Qué peculiar que del libro no recuerde tanto su historia sino el momento de placer que significó su lectura. La parte que nunca me voy a olvidar es una escena donde un niño queda atrapado en una jaula con una cerradura especial que se trababa automáticamente. El llavero con la llave que abría el mecanismo había quedado enganchado entre las pezuñas de un velocirraptor, que se acababa de escapar a las corridas. Estos animales, explicaba la novela, corren como los chitas, entonces uno de los cazadores había tomado un rifle y salido a perseguirlo montando en una moto. Era una escena de persecución en la que había que alcanzar al animal a toda prisa, darle muerte (porque no se iba a dejar sacar el llavero de las patas) y regresar lo más pronto posible para liberar al niño. La descripción de la velocidad de la moto y del velocirraptor se mezclaba con la sensación de movimiento que producían el micro, la ruta y los relámpagos. El momento emocionante se había dado. En la literatura sola jamás encontraría de vuelta esa emoción, pero un viaje en micro sin un libro ya nunca sería lo mismo. Luego tardé dos meses más para terminar las ciento cincuenta páginas que me quedaban del libro. El hechizo del viaje se había roto.
Me produce un poco de rechazo escribir sobre Parque Jurásico o El mundo perdido cuando en algún momento de este dos mil quince se va a estrenar una cuarta película de lo que ahora es una franquicia cinematográfica. No me interesa hacerle publicidad a ese producto. Veo la publicidad, con la musiquita que tanto me gusta, y pienso que el estudio Universal está lucrando con la nostalgia por una historia del siglo pasado; y que lo que permanece de las novelas y películas anteriores son sólo los elementos más superficiales.

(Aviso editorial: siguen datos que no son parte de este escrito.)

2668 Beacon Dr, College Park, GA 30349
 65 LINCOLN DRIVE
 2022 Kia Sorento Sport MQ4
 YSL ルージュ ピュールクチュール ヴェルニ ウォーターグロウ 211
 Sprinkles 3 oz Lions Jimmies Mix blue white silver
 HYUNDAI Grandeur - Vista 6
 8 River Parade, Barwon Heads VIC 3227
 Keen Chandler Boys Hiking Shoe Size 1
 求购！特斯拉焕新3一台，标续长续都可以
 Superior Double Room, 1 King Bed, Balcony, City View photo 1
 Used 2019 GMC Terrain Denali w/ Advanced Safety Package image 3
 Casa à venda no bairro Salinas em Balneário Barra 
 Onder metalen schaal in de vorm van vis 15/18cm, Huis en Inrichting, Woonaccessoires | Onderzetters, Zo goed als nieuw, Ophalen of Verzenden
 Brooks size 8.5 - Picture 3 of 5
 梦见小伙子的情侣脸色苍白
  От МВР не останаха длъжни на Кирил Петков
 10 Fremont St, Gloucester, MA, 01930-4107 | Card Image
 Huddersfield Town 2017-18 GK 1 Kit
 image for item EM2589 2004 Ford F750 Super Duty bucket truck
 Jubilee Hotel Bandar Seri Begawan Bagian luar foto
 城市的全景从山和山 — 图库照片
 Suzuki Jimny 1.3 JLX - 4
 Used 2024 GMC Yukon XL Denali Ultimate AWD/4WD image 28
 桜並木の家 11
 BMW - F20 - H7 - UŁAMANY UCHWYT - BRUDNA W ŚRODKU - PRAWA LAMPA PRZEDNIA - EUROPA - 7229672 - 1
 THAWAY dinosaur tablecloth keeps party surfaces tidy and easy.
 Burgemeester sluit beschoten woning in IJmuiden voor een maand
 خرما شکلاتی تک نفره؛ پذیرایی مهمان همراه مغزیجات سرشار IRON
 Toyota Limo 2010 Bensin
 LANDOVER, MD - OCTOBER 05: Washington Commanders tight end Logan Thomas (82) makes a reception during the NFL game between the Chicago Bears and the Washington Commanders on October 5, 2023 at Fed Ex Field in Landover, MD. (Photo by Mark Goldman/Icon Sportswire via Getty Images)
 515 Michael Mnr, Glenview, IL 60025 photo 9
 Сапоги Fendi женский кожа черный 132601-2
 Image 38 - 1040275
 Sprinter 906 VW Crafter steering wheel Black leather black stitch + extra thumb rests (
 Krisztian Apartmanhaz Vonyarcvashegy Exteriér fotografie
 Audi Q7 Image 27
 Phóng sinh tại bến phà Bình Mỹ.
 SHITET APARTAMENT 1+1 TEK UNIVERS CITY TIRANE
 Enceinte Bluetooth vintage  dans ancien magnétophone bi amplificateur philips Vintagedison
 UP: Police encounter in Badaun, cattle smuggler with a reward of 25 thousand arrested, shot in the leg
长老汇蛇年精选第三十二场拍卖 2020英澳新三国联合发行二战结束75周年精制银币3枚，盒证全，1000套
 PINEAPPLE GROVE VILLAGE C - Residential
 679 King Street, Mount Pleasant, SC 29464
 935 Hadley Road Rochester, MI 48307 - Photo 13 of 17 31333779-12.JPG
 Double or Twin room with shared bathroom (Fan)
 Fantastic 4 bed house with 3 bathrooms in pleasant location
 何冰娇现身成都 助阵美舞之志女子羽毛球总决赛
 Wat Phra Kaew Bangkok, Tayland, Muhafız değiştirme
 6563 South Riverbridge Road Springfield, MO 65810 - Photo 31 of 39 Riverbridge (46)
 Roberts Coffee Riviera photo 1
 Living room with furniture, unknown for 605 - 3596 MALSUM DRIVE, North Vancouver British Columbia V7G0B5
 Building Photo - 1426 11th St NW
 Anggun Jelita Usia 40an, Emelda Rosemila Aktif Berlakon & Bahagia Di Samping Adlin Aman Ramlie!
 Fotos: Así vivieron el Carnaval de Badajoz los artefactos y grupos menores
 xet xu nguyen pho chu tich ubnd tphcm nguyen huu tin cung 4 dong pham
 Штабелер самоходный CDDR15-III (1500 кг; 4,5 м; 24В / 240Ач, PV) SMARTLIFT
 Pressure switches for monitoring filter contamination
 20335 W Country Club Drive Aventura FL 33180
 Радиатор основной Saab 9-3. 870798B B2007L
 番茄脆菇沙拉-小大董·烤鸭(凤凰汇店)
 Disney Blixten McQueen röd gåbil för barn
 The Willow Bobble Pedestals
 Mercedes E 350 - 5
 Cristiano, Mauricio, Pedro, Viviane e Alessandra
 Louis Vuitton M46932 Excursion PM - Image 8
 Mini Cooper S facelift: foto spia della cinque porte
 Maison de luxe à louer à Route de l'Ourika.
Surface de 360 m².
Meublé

Pero esto no es más que la contaminación de una pretendida pérdida de la inocencia, que en mi caso me genera un poco de cinismo. Si hoy tuviera once años, esa película me encantaría. Saqué de la biblioteca los volúmenes de ambos libros de Michael Crichton (quién, lamentablemente, murió en el año dos mil ocho) y, en las contratapas, estas novelas están calificadas como thrillers. “Thrill” significa emoción, entusiasmo o excitación en inglés. Los thrillers usan el suspenso, la tensión y la excitación como sus principales elementos, que le dan al lector niveles elevados de anticipación, expectación, incertidumbre, sospecha, ansiedad y terror. Muy divertido. Uso las palabras “contaminación” y “cinismo” porque con los años me había olvidado de ese tipo de entusiasmos y, hoy por hoy, el placer de la lectura me produce, en cambio, relajación, reflexión, distracción, aprendizaje; es como si hubiese cambiado el tequila por el vino, o el café por el té de tilo.
Sin embargo, cada dos por tres, viajando en micro, tren o colectivo, tengo en mis manos alguna que otra novela fascinante y, por las dudas, trato siempre de no olvidar mirar por la ventana.

martes, 21 de abril de 2015

Autorretrato con anécdota (ejercicio de apropiación de estilo)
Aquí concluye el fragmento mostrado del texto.